*WORK TO BE COMPLETED*. Write each line out exactly, from the one containing "Systemische Figuren als" through the final line of the data, and keep pictures out of the copy.

*INFORMATION PROVIDED*.

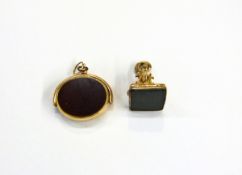 9ct gold bloodstone & cornelian revolving oval seal fob,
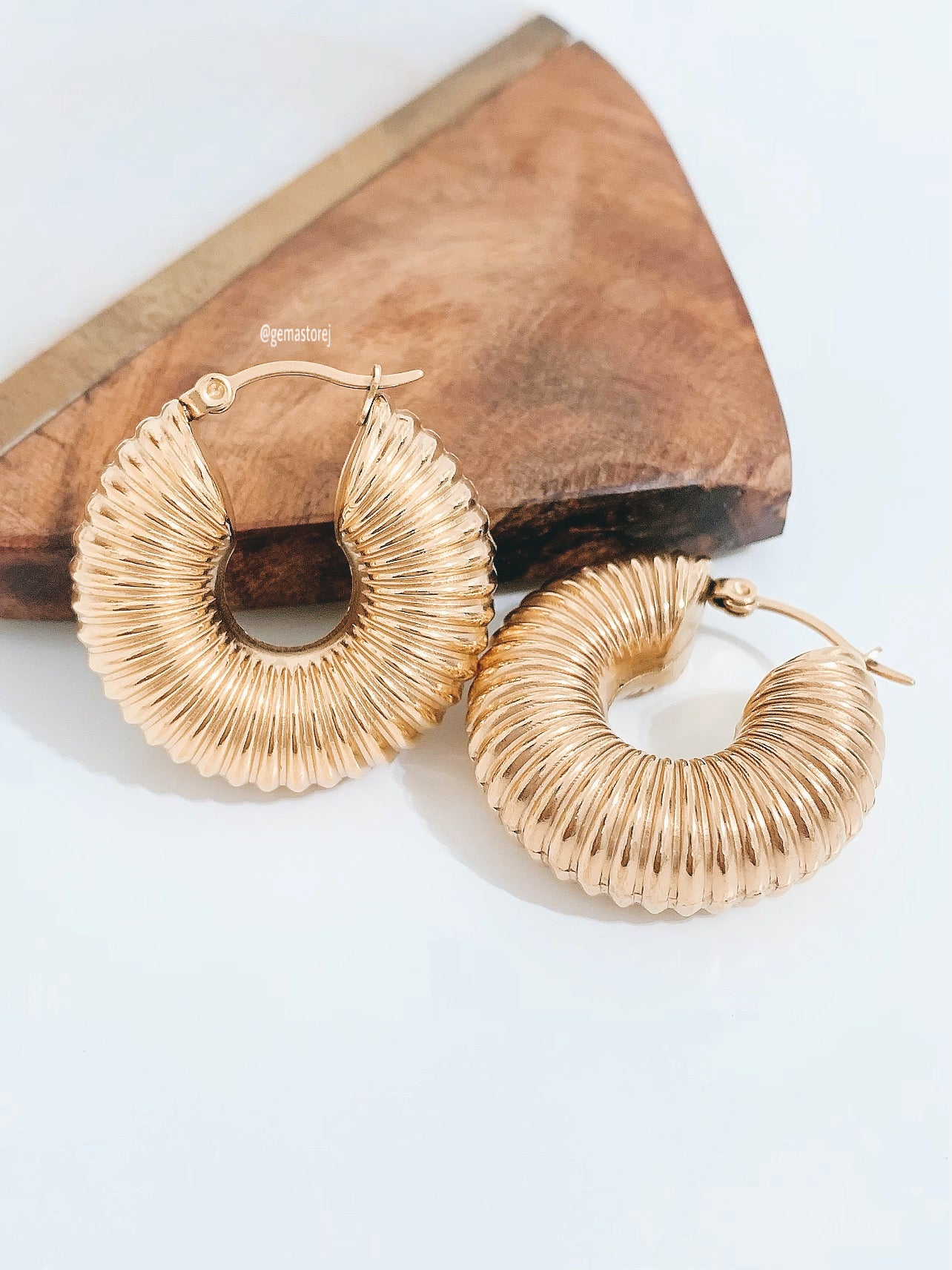 Croissant Hoop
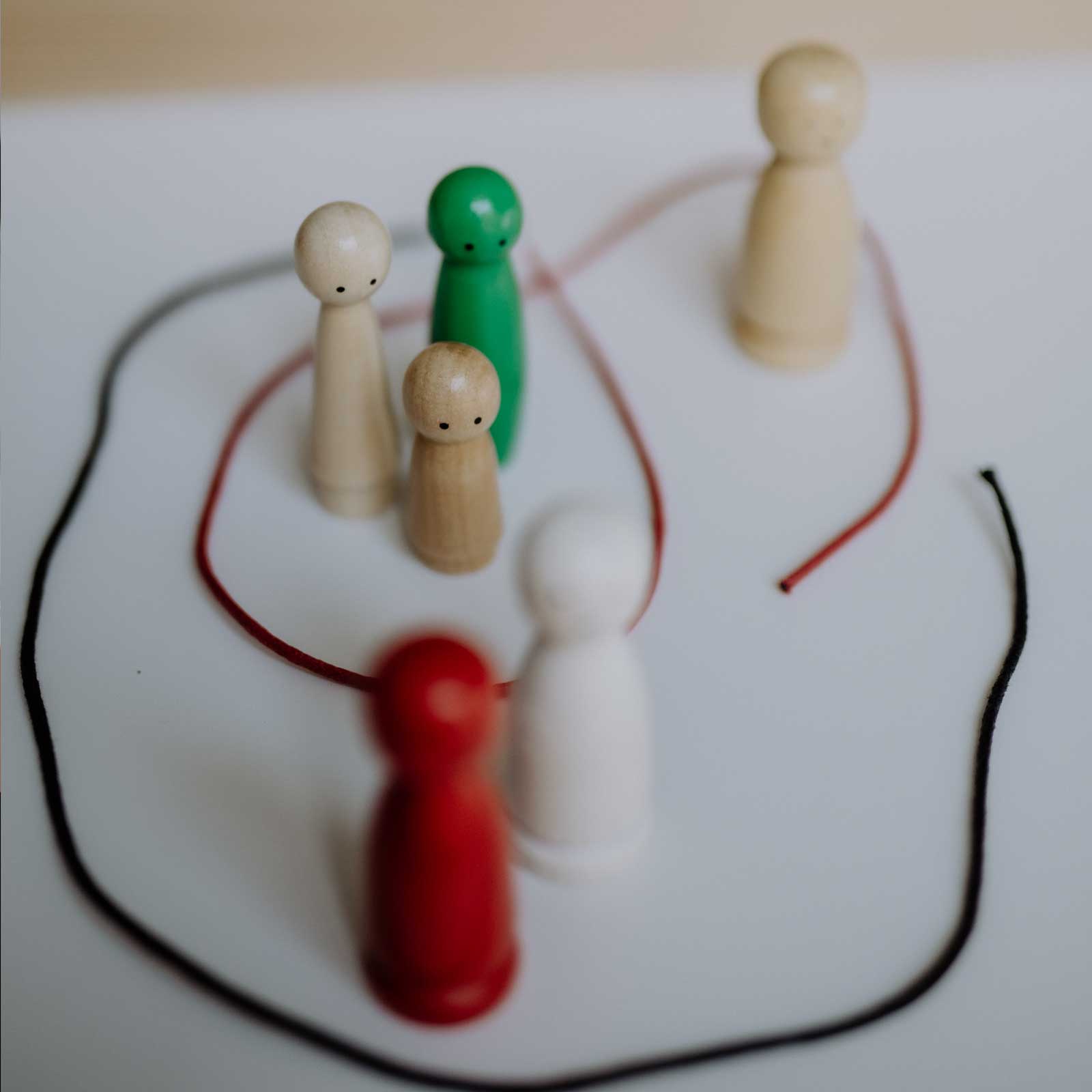 Systemische Figuren als Sinnbild für Beziehungen und Perspektiven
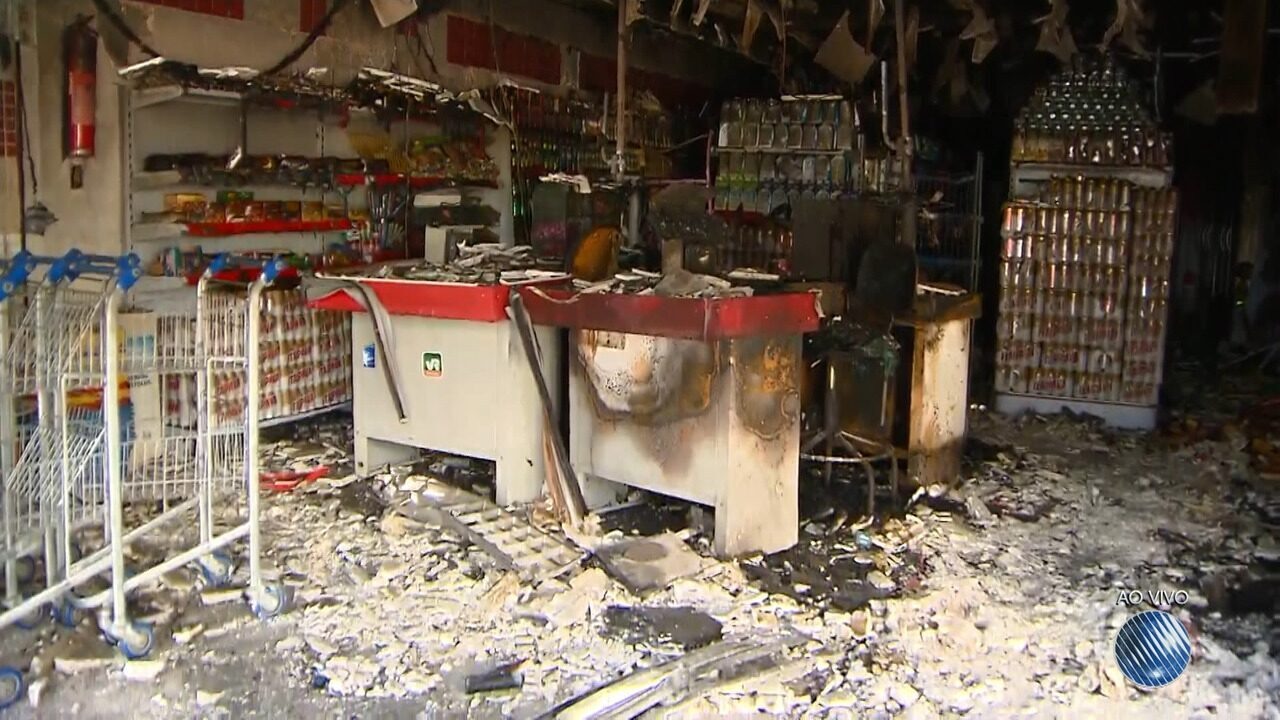 Resultado de imagem para Incêndio destrói mercado no bairro do Garcia, em Salvador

*EXPECTED ANSWER*.
 Systemische Figuren als Sinnbild für Beziehungen und Perspektiven
 Resultado de imagem para Incêndio destrói mercado no bairro do Garcia, em Salvador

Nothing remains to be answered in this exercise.